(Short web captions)

____

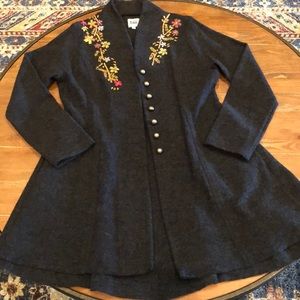 Grey LUII women’s wool coat light weight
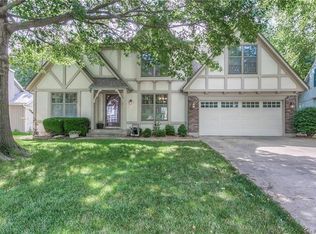 2120 S Lennox Dr, Olathe, KS 66062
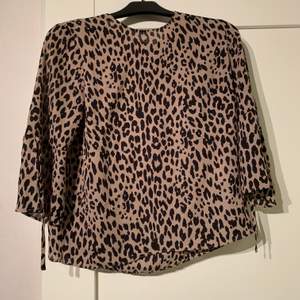 Super fin blus med leopard print ifrån Gina tricot! Jättesnygg tillsammans med vita eller svarta jeans!!  Storlek 38! Köparen står för frakten 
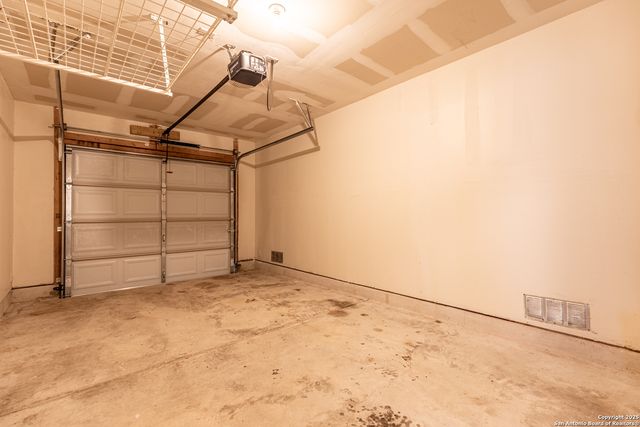 6058 Kensinger, Converse, TX 78109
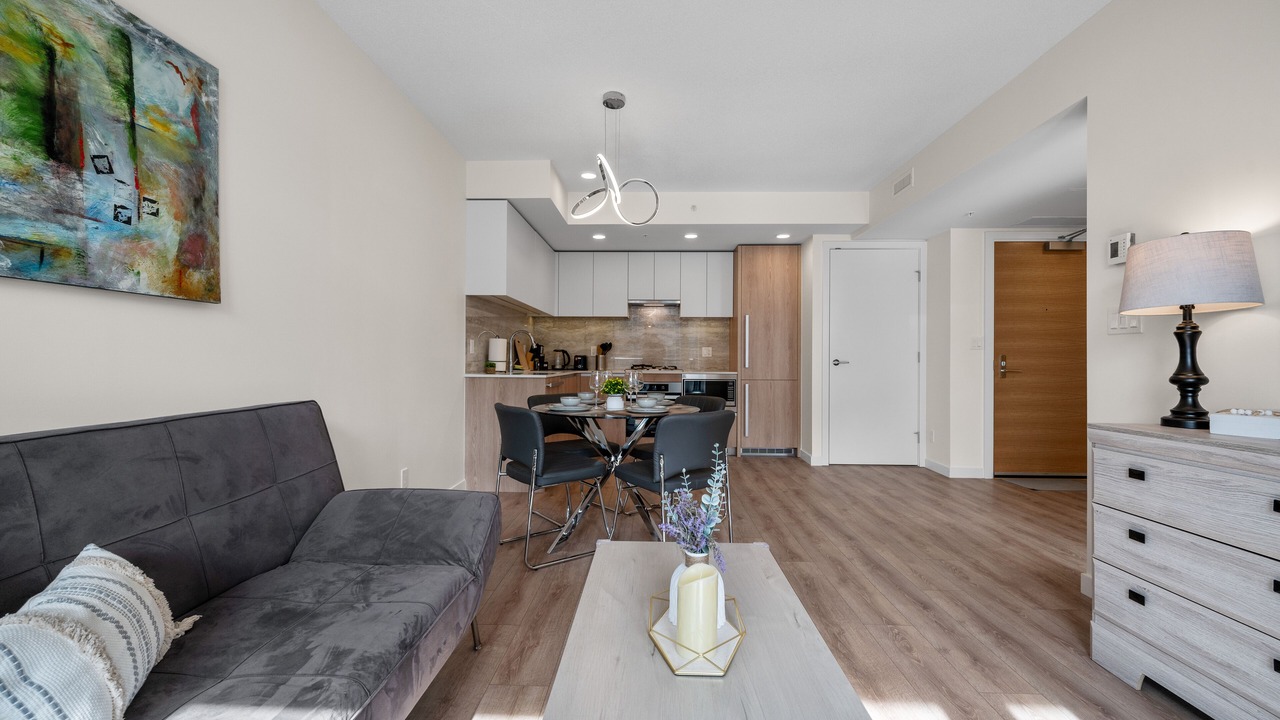 Photo of Livingroom in Richmond City Centre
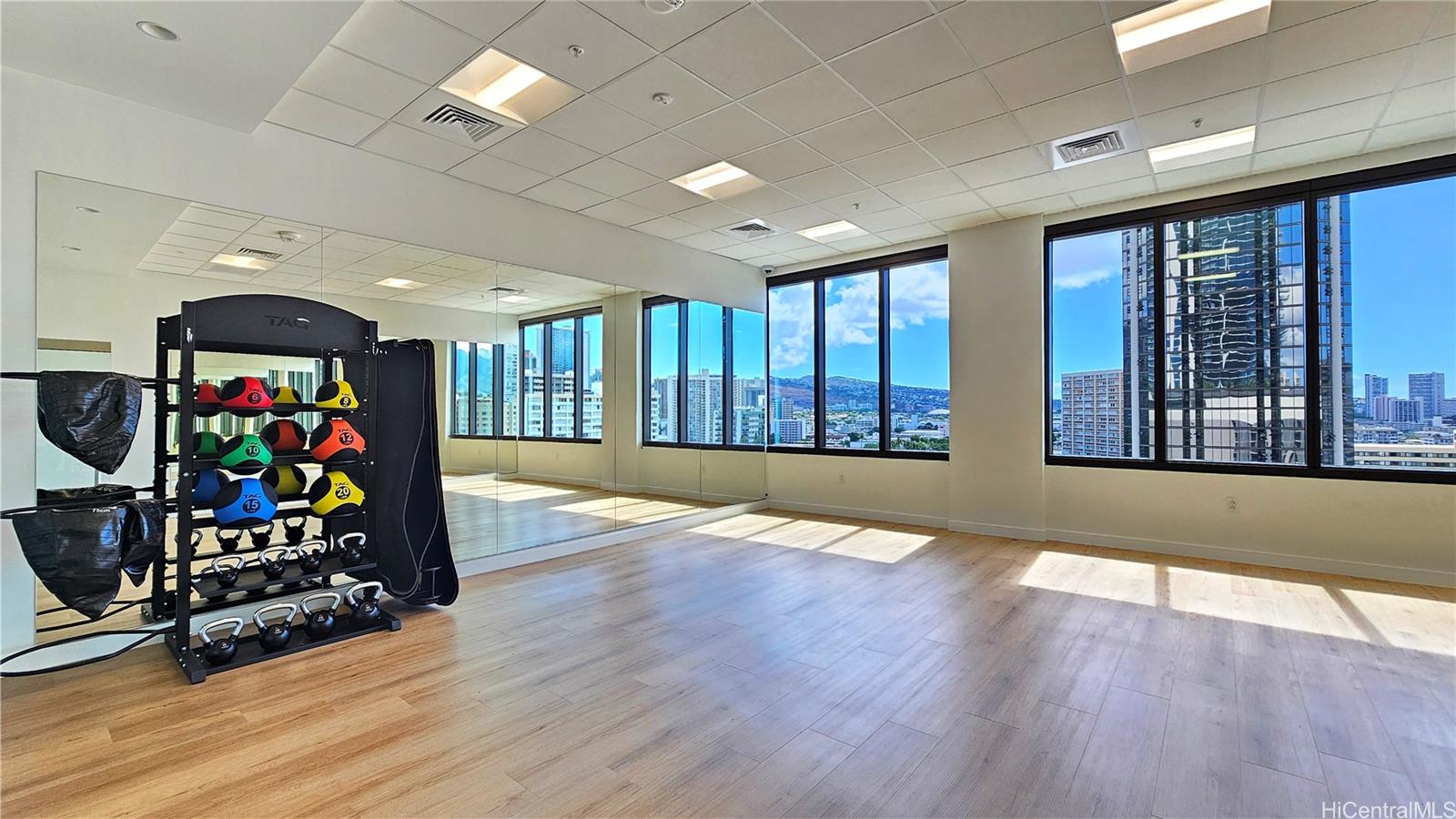 1500 Rycroft St Honolulu - Rental - photo 3 of 16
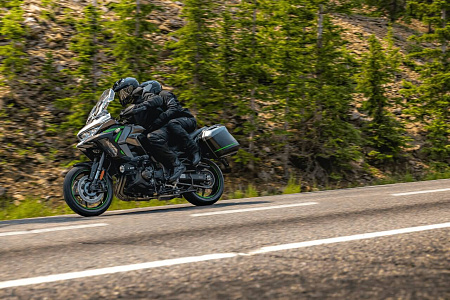 Мотоцикл Kawasaki Versys 1100 SE
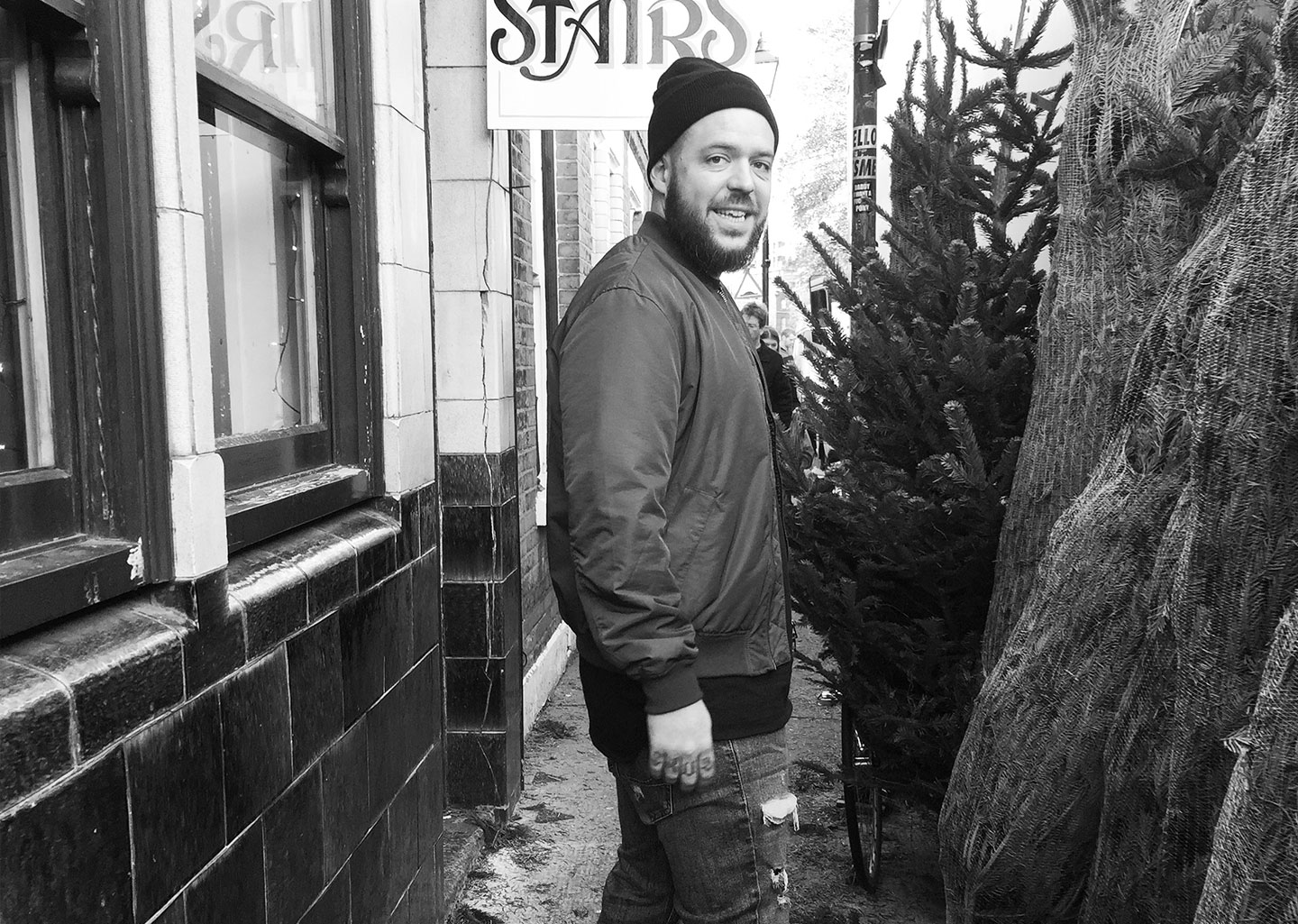 Keith Anderson choosing christmas tree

____

— Work to be completed —
Copy only this, please: the line with "Мотоцикл Kawasaki Versys 1100 SE" and every line after it through the end of the data, with no pictures.

— Response area —
 Мотоцикл Kawasaki Versys 1100 SE
 Keith Anderson choosing christmas tree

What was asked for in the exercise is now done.